La Cour constitutionnelle du Mali, par son Arrêt rendu le 18 avril 2024, relatif à la requête du Président de la transition aux fins de contrôle de conformité à la constitution de la loi organique N°2023-058/CNT-RM fixant les avantages, indemnités et autres traitements des membres du Conseil national de transition (CNT) a ainsi informé le public de l’existence de cette loi passée jusque-là inaperçue. Elle octroie aux membres du CNT ces indemnités jugées colossales par nombre de Maliens. Depuis lors, la polémique enfle.

La Cour constitutionnelle n’a pas dit niet à cette loi organique du CNT, comme beaucoup le pensaient. Elle avait simplement demandé des corrections. En d’autres termes, elle avait demandé de changer des mots et des expressions pour être dans l’esprit de la Constitution.
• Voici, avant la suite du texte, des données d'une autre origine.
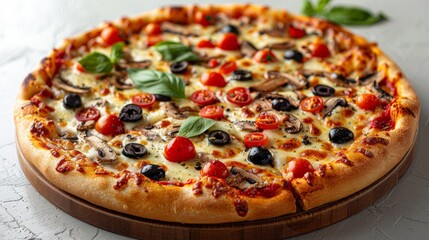 Delectable Veggie Pizza with Mushrooms, Tomatoes, and Assorted Toppings Generative AI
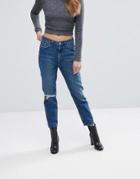 New Look Ripped Knee Mom Jeans - Blue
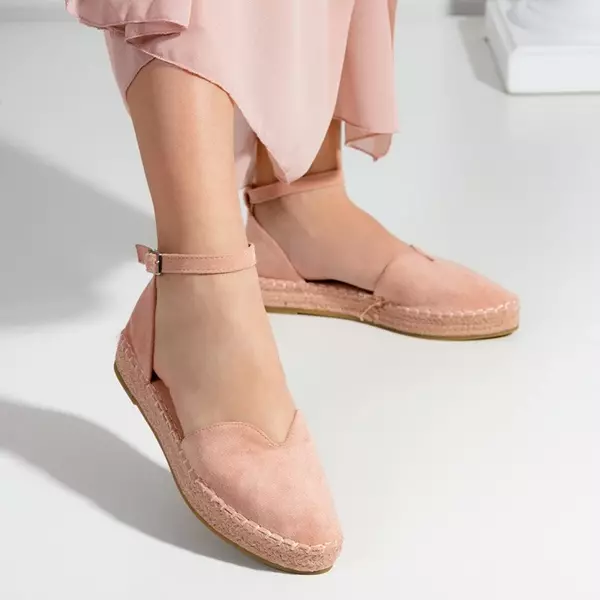 OUTLET Svetlo ružové dámske sandále a'la espadrilles na platforme Monata - Topánky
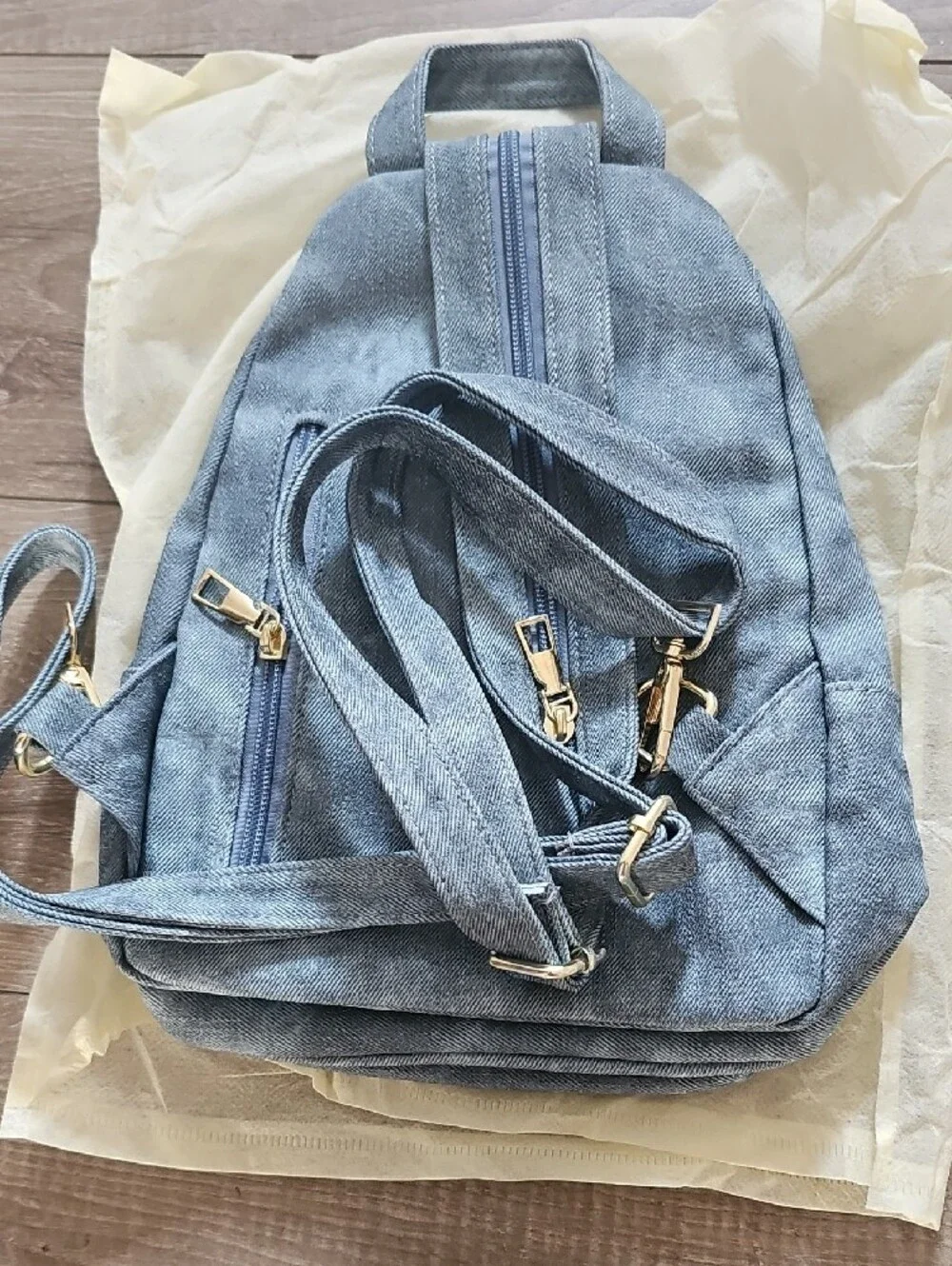 Light Blue Denim Mini Backpack with Gold Zippers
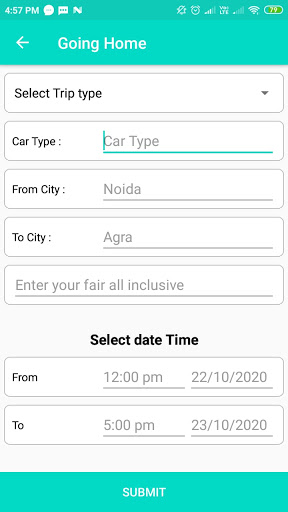 TajwayCabs Partner Screen 3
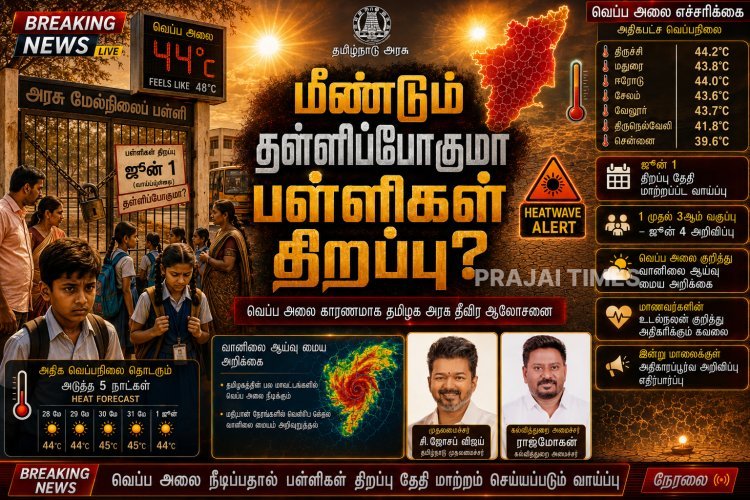தமிழக பள்ளிகள் திறப்பு தள்ளிப்போகுமா?.. வெப்ப அலை காரணமாக முக்கிய ஆலோசனை!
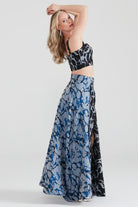 Dollie Bell-Shine Yarım Daire Fermuar Detaylı Yırtmaçlı Maxi Etek Siyah/Gri-Etek-5-Milagron.com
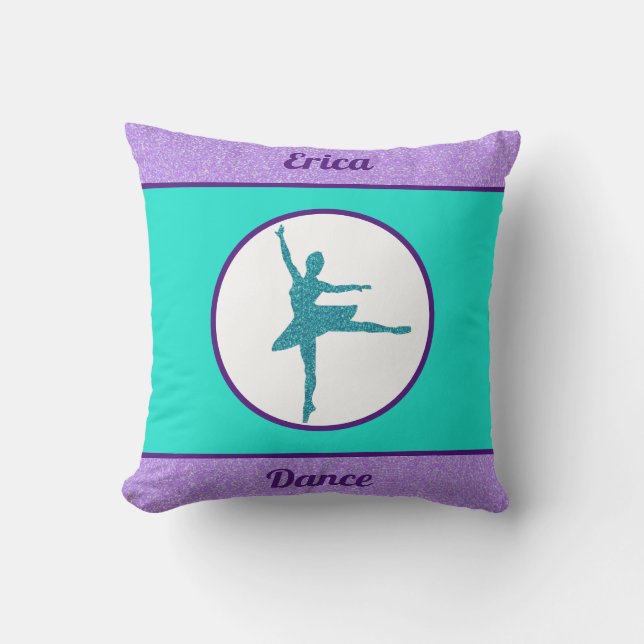 Ballerina Dance Purple / Turquoise Throw Pillow (Front)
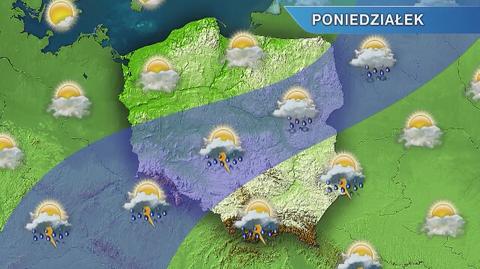 Prognoza pogody na poniedziałek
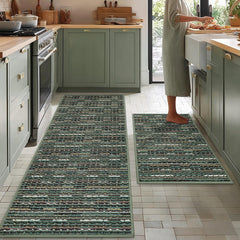 BSICPRO face avant du tapis montrant design vintage et couleur verte pour décoration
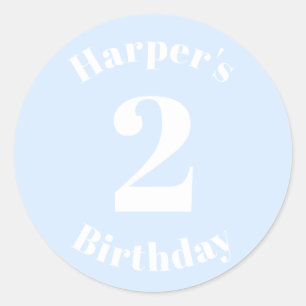 Sticker Rond Anniversaire de enfant moderne Numéro personnalisé
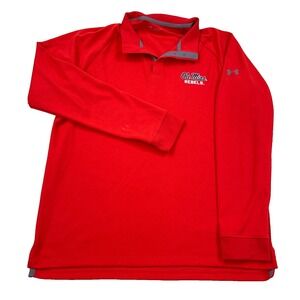 Ole Miss Rebels Sweater Men Large Red Pull Over Snap Tee Performance Unlined UA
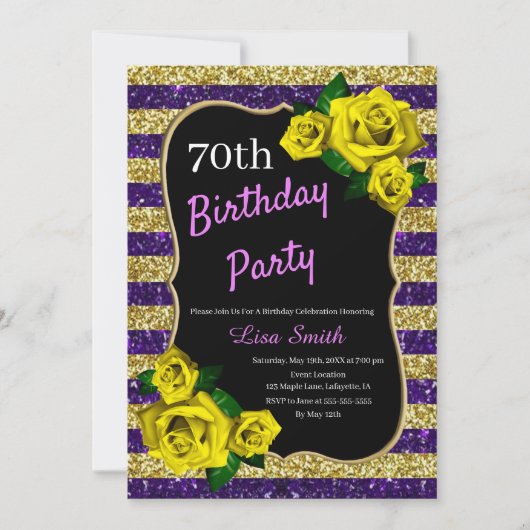 Invitation Anniversaire Purple Gold Stripes Parties scintilla (Devant)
Ce qui a été d’ailleurs vite fait par le CNT et nul doute que la Cour constitutionnelle donnera finalement son quitus à cette loi organique.

Depuis lors, l’actualité est dominée par cette affaire des indemnités des membres du CNT. C’est le tollé généralisé ! Les Maliens qui tirent le diable par la queue -d’ailleurs s’ils le voient encore – ont pu découvrir qu’on les appelle tous les jours à se scarifier et servir la Transition pour qu’elle réussisse, pendant qu’un groupe de privilégiés demande à se servir. Les membres du CNT, au plan financier, sont traités comme des députés. Ce qui est pourtant contraire à une disposition d’un Arrêt de la Cour constitutionnelle. Ils ne sont donc pas des députés parce qu’ils ne sont pas élus mais désignés. Précision faite par la Cour constitutionnelle dans son Arrêt n°2020-07/CC du 18 décembre 2020 relatif à la requête aux fins de contrôle de conformité à la Constitution du Règlement intérieur du Conseil National de Transition (CNT).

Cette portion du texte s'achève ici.